Exercise inputs:
------------------------------------

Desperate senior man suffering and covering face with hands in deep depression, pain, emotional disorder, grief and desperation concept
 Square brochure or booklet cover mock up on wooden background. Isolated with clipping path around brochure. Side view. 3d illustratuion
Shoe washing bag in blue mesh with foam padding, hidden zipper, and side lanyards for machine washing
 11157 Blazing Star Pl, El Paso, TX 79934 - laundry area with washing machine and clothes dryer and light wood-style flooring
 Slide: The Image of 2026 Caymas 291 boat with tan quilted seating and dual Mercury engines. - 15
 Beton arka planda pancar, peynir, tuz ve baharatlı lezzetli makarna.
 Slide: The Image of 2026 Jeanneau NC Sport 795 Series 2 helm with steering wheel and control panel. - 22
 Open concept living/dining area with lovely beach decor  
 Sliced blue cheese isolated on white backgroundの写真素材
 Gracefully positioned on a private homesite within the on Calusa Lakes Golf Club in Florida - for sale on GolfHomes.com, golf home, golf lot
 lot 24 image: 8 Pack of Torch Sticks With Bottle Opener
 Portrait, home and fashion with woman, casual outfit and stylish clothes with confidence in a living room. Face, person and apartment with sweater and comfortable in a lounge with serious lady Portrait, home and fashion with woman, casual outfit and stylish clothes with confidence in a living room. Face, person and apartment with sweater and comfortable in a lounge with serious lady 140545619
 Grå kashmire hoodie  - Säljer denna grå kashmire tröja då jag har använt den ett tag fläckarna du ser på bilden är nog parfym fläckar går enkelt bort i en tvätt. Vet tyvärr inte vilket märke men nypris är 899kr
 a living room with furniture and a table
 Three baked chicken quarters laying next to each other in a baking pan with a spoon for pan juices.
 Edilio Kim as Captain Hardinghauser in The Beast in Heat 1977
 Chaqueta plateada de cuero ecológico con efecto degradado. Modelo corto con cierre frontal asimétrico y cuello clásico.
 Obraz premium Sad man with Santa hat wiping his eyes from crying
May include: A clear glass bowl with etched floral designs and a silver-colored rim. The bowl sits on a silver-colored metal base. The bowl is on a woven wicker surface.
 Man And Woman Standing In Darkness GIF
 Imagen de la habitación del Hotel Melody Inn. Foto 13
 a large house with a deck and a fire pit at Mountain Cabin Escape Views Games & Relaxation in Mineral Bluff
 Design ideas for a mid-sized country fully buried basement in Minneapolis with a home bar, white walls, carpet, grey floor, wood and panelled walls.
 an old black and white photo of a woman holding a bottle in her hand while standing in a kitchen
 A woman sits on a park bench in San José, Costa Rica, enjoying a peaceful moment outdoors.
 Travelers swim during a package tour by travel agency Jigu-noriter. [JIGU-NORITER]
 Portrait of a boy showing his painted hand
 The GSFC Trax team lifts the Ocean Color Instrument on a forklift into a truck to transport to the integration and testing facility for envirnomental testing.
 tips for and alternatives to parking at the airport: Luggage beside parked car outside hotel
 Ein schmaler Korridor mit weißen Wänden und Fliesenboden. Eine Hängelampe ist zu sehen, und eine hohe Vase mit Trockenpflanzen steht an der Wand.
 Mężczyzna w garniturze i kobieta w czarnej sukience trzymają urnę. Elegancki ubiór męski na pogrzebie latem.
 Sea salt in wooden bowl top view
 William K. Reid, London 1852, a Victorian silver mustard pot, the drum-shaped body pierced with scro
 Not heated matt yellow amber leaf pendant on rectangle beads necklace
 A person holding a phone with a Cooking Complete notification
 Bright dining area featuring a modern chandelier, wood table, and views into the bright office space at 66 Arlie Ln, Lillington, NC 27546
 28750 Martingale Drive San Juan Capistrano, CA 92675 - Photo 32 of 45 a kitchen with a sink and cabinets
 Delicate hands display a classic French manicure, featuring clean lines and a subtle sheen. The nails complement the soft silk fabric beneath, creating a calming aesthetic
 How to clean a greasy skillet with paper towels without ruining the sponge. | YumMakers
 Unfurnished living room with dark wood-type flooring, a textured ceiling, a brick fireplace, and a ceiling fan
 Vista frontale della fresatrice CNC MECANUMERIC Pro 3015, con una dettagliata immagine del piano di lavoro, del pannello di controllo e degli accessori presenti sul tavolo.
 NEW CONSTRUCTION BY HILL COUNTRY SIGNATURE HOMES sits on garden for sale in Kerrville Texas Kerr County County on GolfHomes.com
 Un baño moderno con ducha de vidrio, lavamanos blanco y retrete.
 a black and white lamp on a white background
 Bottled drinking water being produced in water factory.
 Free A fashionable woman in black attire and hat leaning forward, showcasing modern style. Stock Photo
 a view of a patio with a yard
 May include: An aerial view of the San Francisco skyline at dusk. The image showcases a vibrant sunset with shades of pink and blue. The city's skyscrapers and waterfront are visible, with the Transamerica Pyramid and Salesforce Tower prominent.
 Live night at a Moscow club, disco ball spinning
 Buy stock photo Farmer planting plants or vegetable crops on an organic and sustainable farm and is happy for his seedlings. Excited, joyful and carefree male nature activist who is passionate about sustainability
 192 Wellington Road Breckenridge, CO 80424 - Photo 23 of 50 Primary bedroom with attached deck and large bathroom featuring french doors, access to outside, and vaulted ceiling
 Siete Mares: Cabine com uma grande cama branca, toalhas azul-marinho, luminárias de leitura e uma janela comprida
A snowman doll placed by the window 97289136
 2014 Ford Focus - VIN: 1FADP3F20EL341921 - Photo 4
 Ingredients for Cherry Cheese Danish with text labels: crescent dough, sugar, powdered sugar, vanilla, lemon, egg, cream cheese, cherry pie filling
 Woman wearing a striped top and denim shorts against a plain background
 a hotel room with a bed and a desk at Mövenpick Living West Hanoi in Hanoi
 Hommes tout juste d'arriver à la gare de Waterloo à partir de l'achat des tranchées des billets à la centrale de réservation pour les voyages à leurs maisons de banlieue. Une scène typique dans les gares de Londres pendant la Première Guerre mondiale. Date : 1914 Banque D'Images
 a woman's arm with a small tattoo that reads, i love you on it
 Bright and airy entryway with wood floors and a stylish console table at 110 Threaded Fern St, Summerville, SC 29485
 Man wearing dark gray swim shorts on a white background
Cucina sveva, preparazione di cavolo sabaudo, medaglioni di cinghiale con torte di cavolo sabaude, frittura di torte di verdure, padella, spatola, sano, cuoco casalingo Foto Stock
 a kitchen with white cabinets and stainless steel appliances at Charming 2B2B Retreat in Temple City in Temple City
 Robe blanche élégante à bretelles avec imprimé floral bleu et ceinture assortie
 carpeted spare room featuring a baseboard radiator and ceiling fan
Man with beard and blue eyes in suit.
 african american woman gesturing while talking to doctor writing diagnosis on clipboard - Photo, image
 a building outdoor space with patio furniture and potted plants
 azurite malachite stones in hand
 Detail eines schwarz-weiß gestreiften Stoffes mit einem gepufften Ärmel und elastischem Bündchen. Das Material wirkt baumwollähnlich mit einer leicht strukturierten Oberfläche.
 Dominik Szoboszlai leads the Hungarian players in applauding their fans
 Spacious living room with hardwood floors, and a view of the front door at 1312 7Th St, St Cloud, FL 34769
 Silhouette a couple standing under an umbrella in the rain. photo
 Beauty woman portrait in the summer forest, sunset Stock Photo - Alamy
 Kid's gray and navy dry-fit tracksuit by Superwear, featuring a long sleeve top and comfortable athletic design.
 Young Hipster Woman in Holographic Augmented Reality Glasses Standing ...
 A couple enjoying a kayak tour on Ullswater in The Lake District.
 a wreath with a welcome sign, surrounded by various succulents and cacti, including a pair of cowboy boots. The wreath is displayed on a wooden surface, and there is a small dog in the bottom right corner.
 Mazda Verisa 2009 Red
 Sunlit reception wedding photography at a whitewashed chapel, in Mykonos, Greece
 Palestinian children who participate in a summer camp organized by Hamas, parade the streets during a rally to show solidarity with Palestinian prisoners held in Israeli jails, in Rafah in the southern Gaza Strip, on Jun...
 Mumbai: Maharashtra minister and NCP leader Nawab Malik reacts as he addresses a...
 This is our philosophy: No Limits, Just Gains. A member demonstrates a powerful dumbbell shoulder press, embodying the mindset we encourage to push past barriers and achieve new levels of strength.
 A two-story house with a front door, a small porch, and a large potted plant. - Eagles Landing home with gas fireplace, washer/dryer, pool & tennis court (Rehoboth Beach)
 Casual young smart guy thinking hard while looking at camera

------------------------------------

Required action:
Reproduce, character for character, only the lines of the preceding data that start at the line with "11157 Blazing Star" and end at the line with "serious lady 140545619", both included.

Solution:
 11157 Blazing Star Pl, El Paso, TX 79934 - laundry area with washing machine and clothes dryer and light wood-style flooring
 Slide: The Image of 2026 Caymas 291 boat with tan quilted seating and dual Mercury engines. - 15
 Beton arka planda pancar, peynir, tuz ve baharatlı lezzetli makarna.
 Slide: The Image of 2026 Jeanneau NC Sport 795 Series 2 helm with steering wheel and control panel. - 22
 Open concept living/dining area with lovely beach decor  
 Sliced blue cheese isolated on white backgroundの写真素材
 Gracefully positioned on a private homesite within the on Calusa Lakes Golf Club in Florida - for sale on GolfHomes.com, golf home, golf lot
 lot 24 image: 8 Pack of Torch Sticks With Bottle Opener
 Portrait, home and fashion with woman, casual outfit and stylish clothes with confidence in a living room. Face, person and apartment with sweater and comfortable in a lounge with serious lady Portrait, home and fashion with woman, casual outfit and stylish clothes with confidence in a living room. Face, person and apartment with sweater and comfortable in a lounge with serious lady 140545619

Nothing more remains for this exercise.